February 6, 2013 at 8:51 am
Hello
I have an interesting (at least to me) case of a stored procedure that is intermittently running long. These are the step I have taken to troubleshoot and am looking for some guidance on where else I might look.
The behavior of the procedure is as follows. When the procedure has not run for a long time (several hours 8+), it takes up to 30+ seconds.
Subsequent runs of the proc after that time run in < .050 seconds. The only inserts being done are into table variables with pretty small (<100 rows). No updates/deletes.
It returns only one row of XML type data.
Sql version 10.50.2500.0
I have reviewed the Execution plan. Nothing interesting there. No indication of missing indexes. No scans of any sort. All lookups are seeks on Indexes or Custered Indexes.
I have rebuilt all the indexes on the tables that are touched by the stored procedure.
I have updated the statistics on the affected tables as well.
Auto update statistics is turned on.
The stored procedure does access the temp db through table variables but I do have 25 MDF files for the tempDB. However, other similar databases on this server do not exhibit the same behavior with this stored procedure.
I have checked the perfmon stats on the server
CPU remains pretty constant throughout the day between 30% and 40%.
Disk queue runs between 0 and 1 all day long with no significant spikes.
Network utilization is pretty constant at 20% through out the day.
The Latch wait time shows to be around 1ms during the time where the procedure ran long.
The Buffer Page life expectancy is a little low averaging around 15min, but other similar databases on this server do not exhibit the same behavior with this stored procedure.
MAX DOP is set at 4 for the server.
Disk space has plenty of free space.
The machine itself is a powerhouse.
Processors: 4
Total Mem: 68,705,669,120 ( 68.71 GB )
Processor Designation: CPU1 Intel(R) Xeon(R) CPU E7540 @ 2.00GHz
Power Plan: Balanced
Core: 6 Processor: 12 Calculated: 48
The disk drives are Equilogic Sumo.
Any suggestions.
Thanks in advance
Steve
February 6, 2013 at 10:52 am
February 7, 2013 at 7:42 am
Recompilation would not take execution time from .05s to 30s unless there are some hellaciously complex queries in the proc. Can you post the code? sanitized to protect the guilty of course.
Can you also post an Actual Execution plan?
There are no special teachers of virtue, because virtue is taught by the whole community.
--Plato
February 7, 2013 at 7:55 am
Try using SET STATISTICS IO ON next time you run it for the first time in a few hours.
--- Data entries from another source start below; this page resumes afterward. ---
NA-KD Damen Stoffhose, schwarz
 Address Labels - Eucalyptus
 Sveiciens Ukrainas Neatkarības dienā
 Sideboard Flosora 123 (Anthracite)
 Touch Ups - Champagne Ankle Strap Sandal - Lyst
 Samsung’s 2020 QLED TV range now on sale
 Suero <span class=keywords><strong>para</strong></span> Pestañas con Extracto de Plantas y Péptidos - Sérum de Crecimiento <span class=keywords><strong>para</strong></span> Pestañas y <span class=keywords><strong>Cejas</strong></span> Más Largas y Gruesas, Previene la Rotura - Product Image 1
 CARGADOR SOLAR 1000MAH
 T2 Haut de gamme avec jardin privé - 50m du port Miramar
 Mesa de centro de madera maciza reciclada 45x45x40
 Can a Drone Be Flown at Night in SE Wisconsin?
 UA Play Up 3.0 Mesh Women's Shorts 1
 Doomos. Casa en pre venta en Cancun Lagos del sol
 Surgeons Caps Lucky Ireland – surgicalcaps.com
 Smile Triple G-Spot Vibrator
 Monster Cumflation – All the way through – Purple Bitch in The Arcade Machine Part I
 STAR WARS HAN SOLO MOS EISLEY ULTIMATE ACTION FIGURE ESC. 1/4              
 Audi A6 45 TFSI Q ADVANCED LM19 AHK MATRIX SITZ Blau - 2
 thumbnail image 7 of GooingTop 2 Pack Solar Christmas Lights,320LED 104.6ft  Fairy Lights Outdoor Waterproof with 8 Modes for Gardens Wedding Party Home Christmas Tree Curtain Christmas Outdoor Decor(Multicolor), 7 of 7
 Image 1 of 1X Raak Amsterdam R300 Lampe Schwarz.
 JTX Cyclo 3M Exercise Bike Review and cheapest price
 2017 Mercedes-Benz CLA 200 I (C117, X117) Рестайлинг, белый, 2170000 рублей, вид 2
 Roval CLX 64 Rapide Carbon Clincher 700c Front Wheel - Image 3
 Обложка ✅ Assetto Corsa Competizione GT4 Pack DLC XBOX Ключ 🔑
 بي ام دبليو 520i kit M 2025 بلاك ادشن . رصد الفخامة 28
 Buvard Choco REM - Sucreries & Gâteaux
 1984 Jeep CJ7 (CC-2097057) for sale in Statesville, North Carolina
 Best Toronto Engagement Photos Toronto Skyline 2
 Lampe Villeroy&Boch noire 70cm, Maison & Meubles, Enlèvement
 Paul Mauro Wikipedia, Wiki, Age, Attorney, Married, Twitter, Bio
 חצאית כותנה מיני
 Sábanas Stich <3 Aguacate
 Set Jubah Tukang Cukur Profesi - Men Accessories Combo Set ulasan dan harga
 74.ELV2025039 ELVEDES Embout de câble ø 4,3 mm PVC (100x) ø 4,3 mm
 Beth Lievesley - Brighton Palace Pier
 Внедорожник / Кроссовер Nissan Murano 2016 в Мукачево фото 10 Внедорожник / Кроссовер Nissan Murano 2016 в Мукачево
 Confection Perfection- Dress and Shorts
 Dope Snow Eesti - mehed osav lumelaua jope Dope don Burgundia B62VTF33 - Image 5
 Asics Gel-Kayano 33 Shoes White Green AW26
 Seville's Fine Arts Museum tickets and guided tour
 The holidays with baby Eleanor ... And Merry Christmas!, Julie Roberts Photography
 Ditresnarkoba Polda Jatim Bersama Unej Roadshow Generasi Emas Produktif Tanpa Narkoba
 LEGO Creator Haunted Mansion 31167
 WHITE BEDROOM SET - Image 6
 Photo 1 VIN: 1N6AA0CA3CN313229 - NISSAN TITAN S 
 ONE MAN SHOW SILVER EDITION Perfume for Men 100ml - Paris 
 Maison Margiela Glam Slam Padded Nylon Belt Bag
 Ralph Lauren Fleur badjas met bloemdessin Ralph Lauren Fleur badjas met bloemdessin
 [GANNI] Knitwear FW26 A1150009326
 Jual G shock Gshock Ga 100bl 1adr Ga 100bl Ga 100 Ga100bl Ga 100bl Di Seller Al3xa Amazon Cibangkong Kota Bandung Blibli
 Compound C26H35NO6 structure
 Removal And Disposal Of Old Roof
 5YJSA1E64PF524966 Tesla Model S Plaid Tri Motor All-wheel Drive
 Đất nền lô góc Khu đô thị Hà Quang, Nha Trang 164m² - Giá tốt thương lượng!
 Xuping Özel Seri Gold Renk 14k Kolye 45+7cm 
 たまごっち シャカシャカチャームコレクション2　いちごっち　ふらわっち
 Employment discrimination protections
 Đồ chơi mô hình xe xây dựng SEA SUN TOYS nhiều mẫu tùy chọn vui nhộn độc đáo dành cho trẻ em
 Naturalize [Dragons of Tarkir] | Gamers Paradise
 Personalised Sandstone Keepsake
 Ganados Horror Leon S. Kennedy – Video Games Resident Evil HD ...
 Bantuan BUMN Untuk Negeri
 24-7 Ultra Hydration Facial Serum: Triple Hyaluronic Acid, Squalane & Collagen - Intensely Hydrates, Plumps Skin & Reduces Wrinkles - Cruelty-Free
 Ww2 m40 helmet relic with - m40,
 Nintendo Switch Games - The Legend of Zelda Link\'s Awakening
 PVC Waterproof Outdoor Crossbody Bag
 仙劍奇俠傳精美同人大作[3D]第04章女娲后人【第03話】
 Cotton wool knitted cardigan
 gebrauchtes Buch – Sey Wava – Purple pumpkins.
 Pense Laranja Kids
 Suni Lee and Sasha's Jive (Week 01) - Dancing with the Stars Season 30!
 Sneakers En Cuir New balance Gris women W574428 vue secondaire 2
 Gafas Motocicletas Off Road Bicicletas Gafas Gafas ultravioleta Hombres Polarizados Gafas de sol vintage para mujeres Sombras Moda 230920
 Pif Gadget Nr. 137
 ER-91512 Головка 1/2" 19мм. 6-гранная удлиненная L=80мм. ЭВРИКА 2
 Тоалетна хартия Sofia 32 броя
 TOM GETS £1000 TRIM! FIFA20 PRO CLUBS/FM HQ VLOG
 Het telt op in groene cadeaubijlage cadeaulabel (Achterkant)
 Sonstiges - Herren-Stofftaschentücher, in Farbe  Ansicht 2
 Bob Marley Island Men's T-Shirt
Save the results, and then run it again and compare the second results with the original. If your physical reads have decreased, you are seeing pages being flushed out of the cache when they haven't been used for a few hours. You may be reading too many pages in order to produce the query results - perhaps your index fill factors are too low, maybe your clustering keys are too wide, or you could just be missing the index that would make the query run more efficiently.
John
February 7, 2013 at 8:46 am
In early testing for the procedure I did find an index that was missing. That did not fix the issue completely, it only made it less recurrent. As far as width of the clustering keys, they are only single column int values. Fill factors are 90 by default, so I would not anticipate that being an issue, but I will review that.
I'll check the IO setting you recommended, however... if I am "reading too many pages" I am not entirely certain how I would correct that. I am familiar with some queries that read thousands of rows and basically throw away all that work to produce only a small subset of what was touched, however that issue would not produce the wildly variant nature of the execution times. I would anticipate that the execution times would be consistently high.
I should also mention that no data is ever removed from the tables and the index keys, once inserted, never change. They are not high volume insert/update tables, probably only taking less than 1K insert/update statements a day.
Steve
February 7, 2013 at 8:59 am
Steve
I understand. You may still have a missing index, I suppose. In any case, do the SET STATISTICS IO ON thing as I suggested - you'll then be able to rule out or in whether it's a problem of reading from disk vs reading from cache.
John
February 7, 2013 at 12:12 pm
They physical reads did fluctuate from 0 on a fast run to 148 on the slow run. While I would not think that would produce such a large change, it certainly is worth investigating.
Thx
Steve
February 13, 2013 at 9:47 pm
Thanks for all the comments.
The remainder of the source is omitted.